What you need to do :: Repeat the lines beginning at the one with "ブローチ ピンブローチ レディース" and running to the end of the material, keeping the first and last of them, exactly as they appear.

Information ::
+-------+
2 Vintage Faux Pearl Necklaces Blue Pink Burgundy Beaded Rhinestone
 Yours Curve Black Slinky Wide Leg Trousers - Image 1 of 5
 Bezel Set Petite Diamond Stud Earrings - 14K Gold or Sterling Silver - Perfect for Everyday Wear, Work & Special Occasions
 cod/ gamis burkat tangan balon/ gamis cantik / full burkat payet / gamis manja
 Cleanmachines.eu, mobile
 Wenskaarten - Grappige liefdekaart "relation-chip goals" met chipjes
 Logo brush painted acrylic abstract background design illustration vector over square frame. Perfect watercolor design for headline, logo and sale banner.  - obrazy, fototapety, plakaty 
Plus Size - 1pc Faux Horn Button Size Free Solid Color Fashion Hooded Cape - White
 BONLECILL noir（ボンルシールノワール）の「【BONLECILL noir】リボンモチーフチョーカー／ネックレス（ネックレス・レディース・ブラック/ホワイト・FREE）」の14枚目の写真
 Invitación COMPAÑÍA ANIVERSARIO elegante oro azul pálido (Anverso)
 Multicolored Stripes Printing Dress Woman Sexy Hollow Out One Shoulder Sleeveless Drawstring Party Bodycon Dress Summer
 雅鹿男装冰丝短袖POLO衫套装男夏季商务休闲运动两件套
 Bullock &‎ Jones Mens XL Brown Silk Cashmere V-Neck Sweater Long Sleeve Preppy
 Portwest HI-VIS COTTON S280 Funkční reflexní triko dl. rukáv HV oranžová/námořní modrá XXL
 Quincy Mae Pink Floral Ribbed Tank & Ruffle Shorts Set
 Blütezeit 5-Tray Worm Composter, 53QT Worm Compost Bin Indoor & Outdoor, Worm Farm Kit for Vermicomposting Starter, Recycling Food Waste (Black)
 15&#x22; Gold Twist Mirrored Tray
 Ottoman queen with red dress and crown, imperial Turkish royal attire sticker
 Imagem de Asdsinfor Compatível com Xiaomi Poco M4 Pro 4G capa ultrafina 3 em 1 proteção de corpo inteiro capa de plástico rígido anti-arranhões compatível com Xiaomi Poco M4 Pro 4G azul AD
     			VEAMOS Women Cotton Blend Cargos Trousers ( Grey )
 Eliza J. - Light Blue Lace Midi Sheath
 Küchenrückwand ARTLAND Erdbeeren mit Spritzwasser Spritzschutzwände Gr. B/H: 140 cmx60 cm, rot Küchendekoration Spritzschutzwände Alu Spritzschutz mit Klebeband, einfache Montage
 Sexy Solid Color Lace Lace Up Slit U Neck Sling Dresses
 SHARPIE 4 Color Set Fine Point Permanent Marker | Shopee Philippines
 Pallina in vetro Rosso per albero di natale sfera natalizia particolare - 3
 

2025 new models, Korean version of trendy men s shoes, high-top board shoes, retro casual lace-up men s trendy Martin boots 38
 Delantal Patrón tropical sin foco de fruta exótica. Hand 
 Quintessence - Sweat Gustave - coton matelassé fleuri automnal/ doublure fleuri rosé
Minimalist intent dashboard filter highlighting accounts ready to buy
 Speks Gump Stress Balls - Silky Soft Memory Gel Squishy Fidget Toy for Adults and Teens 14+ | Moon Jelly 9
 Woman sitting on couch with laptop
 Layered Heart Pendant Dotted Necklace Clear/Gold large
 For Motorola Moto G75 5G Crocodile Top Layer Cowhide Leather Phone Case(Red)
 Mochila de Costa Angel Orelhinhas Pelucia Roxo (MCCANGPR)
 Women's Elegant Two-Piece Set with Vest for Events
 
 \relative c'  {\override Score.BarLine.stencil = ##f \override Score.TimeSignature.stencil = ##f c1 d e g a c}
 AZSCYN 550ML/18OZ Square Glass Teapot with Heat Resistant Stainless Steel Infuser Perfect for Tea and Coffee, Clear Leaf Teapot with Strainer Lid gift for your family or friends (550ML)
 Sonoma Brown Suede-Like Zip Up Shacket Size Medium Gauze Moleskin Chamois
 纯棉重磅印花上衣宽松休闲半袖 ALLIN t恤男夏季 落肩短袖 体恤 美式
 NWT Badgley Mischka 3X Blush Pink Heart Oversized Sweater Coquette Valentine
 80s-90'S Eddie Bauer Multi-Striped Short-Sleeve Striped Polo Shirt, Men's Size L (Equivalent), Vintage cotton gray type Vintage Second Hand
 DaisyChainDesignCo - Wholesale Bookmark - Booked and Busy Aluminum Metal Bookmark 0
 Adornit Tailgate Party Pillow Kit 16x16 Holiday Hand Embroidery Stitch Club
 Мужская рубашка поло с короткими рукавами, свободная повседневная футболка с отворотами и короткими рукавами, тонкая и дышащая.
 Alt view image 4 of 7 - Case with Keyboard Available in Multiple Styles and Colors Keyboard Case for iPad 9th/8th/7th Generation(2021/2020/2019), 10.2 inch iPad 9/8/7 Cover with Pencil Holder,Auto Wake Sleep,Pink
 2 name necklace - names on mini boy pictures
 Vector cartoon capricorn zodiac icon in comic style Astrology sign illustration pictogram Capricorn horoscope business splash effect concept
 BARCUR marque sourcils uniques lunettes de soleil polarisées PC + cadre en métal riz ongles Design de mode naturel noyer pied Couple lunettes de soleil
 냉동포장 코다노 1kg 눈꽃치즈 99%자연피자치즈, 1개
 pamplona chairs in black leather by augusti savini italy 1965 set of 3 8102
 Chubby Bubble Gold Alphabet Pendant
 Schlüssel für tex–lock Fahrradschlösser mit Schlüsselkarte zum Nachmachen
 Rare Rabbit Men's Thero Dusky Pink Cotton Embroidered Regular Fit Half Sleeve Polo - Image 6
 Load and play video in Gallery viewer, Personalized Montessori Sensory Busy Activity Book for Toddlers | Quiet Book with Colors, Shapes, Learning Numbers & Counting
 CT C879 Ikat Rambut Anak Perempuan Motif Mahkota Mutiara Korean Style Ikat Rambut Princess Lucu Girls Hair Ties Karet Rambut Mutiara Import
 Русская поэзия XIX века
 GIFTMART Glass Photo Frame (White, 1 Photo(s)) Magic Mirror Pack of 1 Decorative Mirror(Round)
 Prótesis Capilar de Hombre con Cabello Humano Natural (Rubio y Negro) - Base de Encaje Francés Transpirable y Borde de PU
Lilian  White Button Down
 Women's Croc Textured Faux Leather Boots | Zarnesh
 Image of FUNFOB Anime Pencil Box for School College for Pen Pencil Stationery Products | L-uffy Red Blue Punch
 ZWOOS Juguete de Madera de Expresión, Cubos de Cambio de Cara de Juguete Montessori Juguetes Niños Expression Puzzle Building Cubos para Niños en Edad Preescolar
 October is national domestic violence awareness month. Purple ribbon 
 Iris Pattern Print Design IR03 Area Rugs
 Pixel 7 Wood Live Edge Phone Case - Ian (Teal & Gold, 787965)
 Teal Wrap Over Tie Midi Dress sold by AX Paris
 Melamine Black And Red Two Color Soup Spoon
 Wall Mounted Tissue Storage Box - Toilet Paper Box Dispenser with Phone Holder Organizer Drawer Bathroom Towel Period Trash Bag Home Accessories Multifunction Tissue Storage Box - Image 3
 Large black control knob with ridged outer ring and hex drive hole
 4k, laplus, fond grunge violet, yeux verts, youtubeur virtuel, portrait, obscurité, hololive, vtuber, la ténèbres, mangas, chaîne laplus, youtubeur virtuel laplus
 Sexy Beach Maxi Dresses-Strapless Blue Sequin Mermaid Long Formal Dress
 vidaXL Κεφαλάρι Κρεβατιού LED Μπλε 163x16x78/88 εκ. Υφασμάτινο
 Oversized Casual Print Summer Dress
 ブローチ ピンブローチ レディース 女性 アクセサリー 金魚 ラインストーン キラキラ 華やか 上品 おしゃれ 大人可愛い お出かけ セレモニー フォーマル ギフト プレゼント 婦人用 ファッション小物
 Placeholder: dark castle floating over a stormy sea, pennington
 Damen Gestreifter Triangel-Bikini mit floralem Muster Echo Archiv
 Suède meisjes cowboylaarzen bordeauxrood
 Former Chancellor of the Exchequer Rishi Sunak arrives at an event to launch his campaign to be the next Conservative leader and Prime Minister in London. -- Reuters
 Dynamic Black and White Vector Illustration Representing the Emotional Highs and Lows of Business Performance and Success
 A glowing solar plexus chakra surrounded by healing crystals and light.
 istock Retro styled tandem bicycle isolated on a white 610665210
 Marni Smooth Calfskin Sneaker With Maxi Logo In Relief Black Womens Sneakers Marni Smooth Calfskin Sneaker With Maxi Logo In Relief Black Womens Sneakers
+-------+
Task result ::
 ブローチ ピンブローチ レディース 女性 アクセサリー 金魚 ラインストーン キラキラ 華やか 上品 おしゃれ 大人可愛い お出かけ セレモニー フォーマル ギフト プレゼント 婦人用 ファッション小物
 Placeholder: dark castle floating over a stormy sea, pennington
 Damen Gestreifter Triangel-Bikini mit floralem Muster Echo Archiv
 Suède meisjes cowboylaarzen bordeauxrood
 Former Chancellor of the Exchequer Rishi Sunak arrives at an event to launch his campaign to be the next Conservative leader and Prime Minister in London. -- Reuters
 Dynamic Black and White Vector Illustration Representing the Emotional Highs and Lows of Business Performance and Success
 A glowing solar plexus chakra surrounded by healing crystals and light.
 istock Retro styled tandem bicycle isolated on a white 610665210
 Marni Smooth Calfskin Sneaker With Maxi Logo In Relief Black Womens Sneakers Marni Smooth Calfskin Sneaker With Maxi Logo In Relief Black Womens Sneakers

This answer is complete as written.